EXTRACTED ENTRIES ->
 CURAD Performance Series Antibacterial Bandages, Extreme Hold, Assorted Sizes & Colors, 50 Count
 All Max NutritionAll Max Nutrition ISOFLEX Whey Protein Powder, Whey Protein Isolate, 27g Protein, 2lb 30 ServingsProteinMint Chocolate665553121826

...

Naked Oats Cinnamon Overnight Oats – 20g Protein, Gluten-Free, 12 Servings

TASK OBJECTIVE ->
Determine how many lines in the data include the word "Protein". Answer with that number alone.

RESULT OF THIS TASK ->
2